In my weekly wrap-up post on Sunday, I posted a picture of the garter stitch baby blanket I’m knitting. I also mentioned that its “saga” was kind of ridiculous and deserved its own post. Well here we go.
First, the backstory.
Two Christmases ago, my dad and stepmom gave me a bunch of yarn. By “a bunch” I mean something like fifteen big skeins. They don’t know much about yarn, though, and gave me cheap acrylic stuff that they found in a big box craft store. Now, I can appreciate pretty much any type of yarn that I don’t have to pay for. Even the scratchy and exceedingly cheap stuff – you know, the yarn that practically squeaks as you work with it? – has its uses. And boy, howdy! I will use the hell out of that yarn when I find the right pattern for it. And, when it comes right down to it, they were really sweet to get me all that yarn.
Six skeins of the yarn was Bernat Pipsqueak. It’s cute enough, I guess, but I don’t really like it. For one, the colors are pastel and I am not a fan of most pastels. For two, the yarn and I do not play nicely together. It feels flimsy and I’m constantly scared that I’m going to break it.
The biggest problem, though, is that it is so fuzzy that I can barely see what I’m doing with it. The fuzz does hide mistakes, which is nice, but also makes it harder to correct booboos. I actually tried crocheting with Pipsqueak at first. That was a disaster. I couldn’t see where to stick my crochet hook in order to make more stitches. There are published crochet patterns for this stuff, though. I don’t understand! How can ANYONE crochet with it?
Fortunately, the beauty of knitting’s culture of gift giving means that I’m not required to put up with this yarn forever. I can always knit something for an actual baby instead of for myself. One could make a strong argument that I’m more of an overgrown child than an actual adult, but I digress. As fate would have it, this is exactly why my dad bought the Pipsqueak yarn that Christmas.
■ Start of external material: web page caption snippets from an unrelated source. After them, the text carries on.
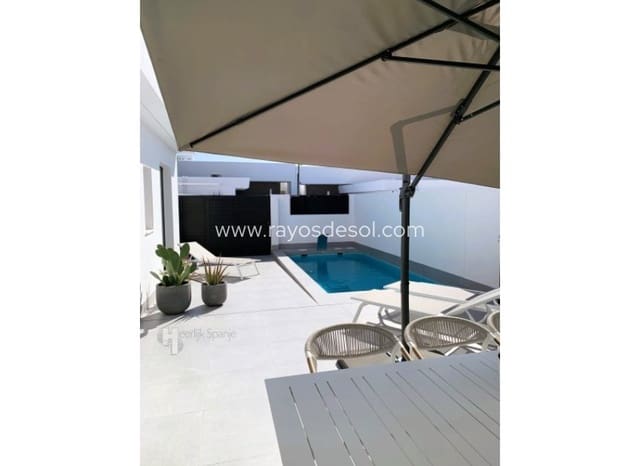 Chalet de 3 habitaciones en Santiago de la Ribera, San Javier en venta - 327.000 € (Ref: 8742747)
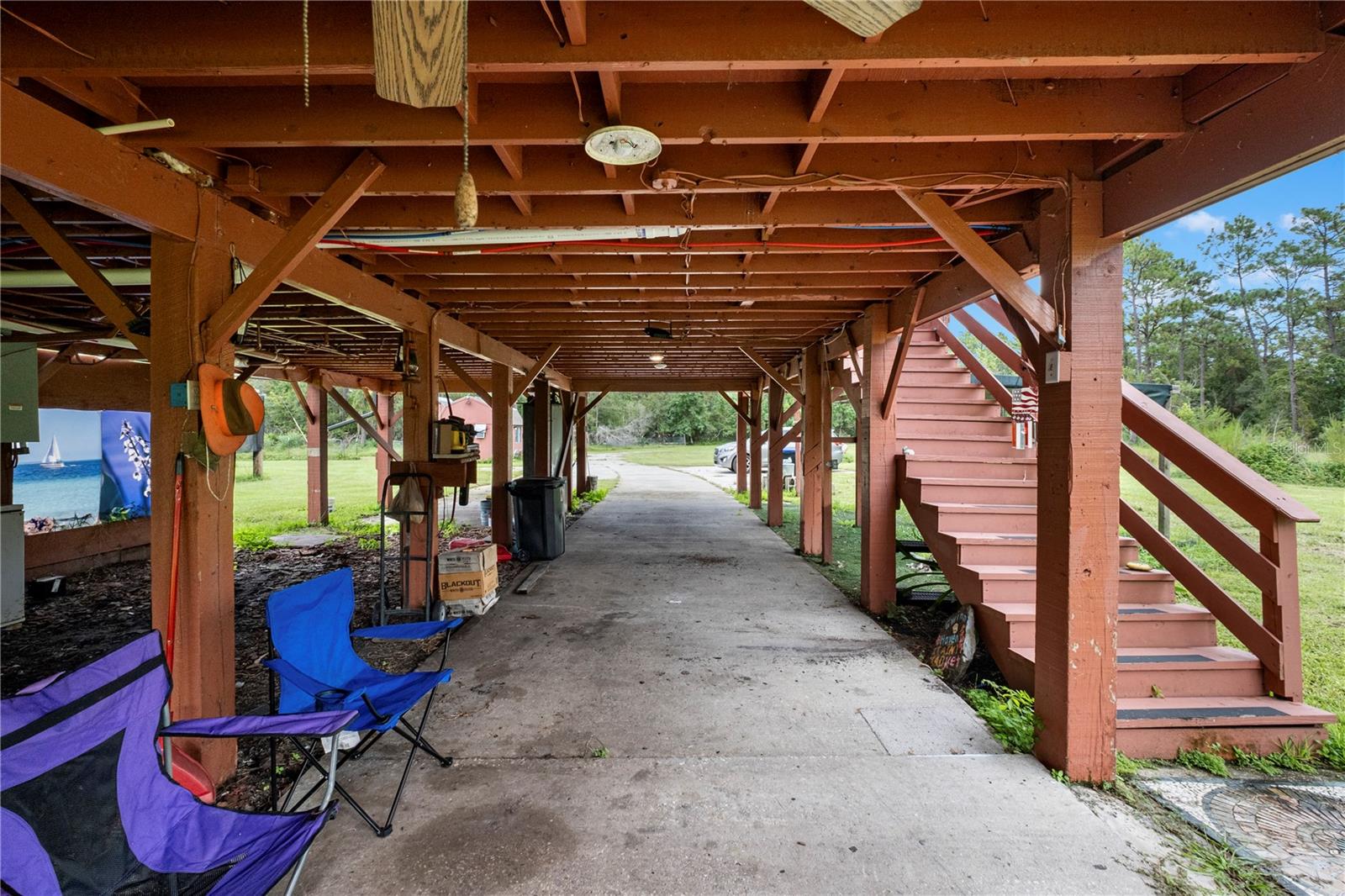 CHRISTMAS HEIGHTS - Residential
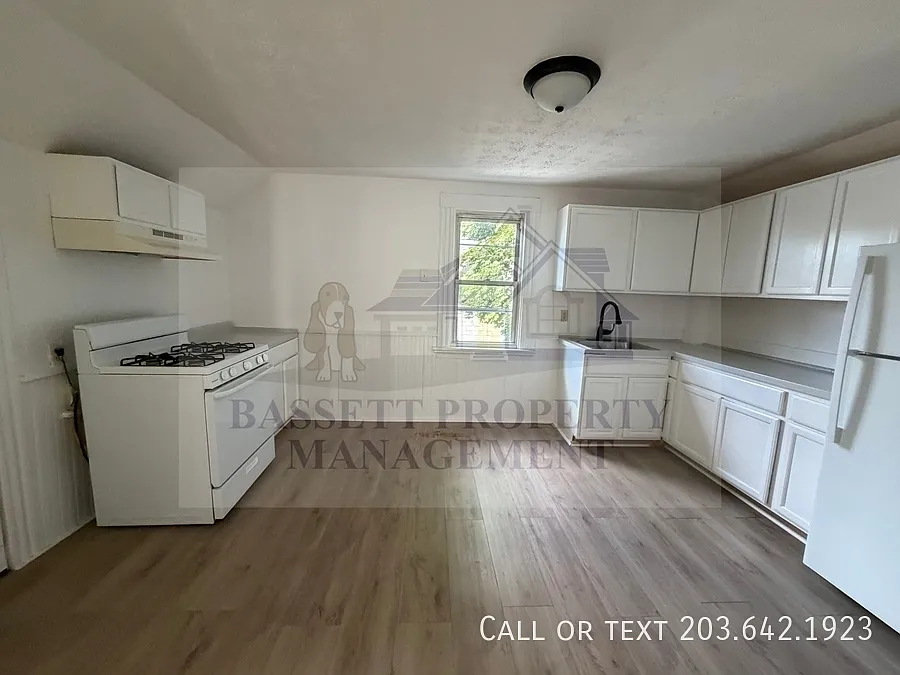 2 bed, 1.0 bath, 708 sqft, $1,499 — Photo 2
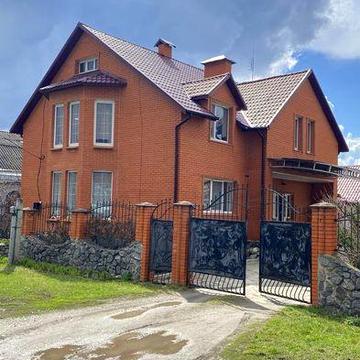 Продається затишний будинок, у мальовничій Диканьки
My niece was born earlier that year, and Daddy insisted that I knit a blanket for her. He bought the yarn, after all, so I suppose the request is reasonable enough. (Thank goodness my sister-in-law likes the “candy girl” colorway.) However, Daddy started to get on my nerves because he kept asking me “When are you going to make a blanket for Clara?” Every single time I saw him, he’d ask me again.
Before I go any further, I want to state that my father is usually a pretty nice guy. He buys me beer and gives me blueberries that he grows and picks himself. He hates gossip and is the best secret keeper I have ever met.
But, bless his heart, he is a little clueless.
After hearing “When are you going to make a blanket for Clara?” one too many times, I got what my mom calls “snippy.” I told him that I was working on another blanket that I had been planning for weeks before he gave me yarn for Clara’s blanket. I also told him that it takes a LONG time to knit or crochet something as big as a blanket. I appreciated the yarn, but bugging me about when I’m going to make something with it is not very nice.
I could tell that I kinda hurt his feelings and I felt like a heel. However, he was a teensy bit presumptuous about the blanket. Non-knitters like my father are often oblivious to the amount of time and effort required for knit projects. Even if they mean well, they can be frustrating. He did not ask about it anymore, though, so something resembling peace returned to the family.
Alrighty. Let’s fast-forward approximately fifteen months. I have FINALLY started Clara’s blanket. I figured I’d bite the bullet and get it over with before the kid goes to prom in sixteen years and tells her friends all about her loser aunt who wouldn’t even knit her a baby blanket.
But, Clara obviously is no longer a newborn. This means that I should probably make a blanket that is larger than what six skeins will make. So, I went ahead and got a skein of white Pipsqueak a few weeks ago just to see how it looks with “candy girl.” As you can see in the photo at the top of this post, it works. So now I need to get more white. Unfortunately, our local Wal-Mart no longer carries ANY Bernat Pipsqueak yarn. Those bitches. Now I’ll have to hit up expensive internet retailers or drive for miles just to get a few more skeins of that dinky, fuzzy yarn before I can finish the blanket. Sigh.
This situation got so much more complicated than I ever anticipated. First, my well meaning father and stepmother give me some yarn that I don’t really like. Then, I hurt my dad’s feelings and took FOREVER to start the blanket. Now Wal-Mart is punishing me by drying up the local supply of Bernat Pipsqueak.
This has gotten just plain silly. I should write an epic poem about it and set the saga to sad music. I’m as tragic as Oedipus Rex. Uh, minus the you-know-what with relatives.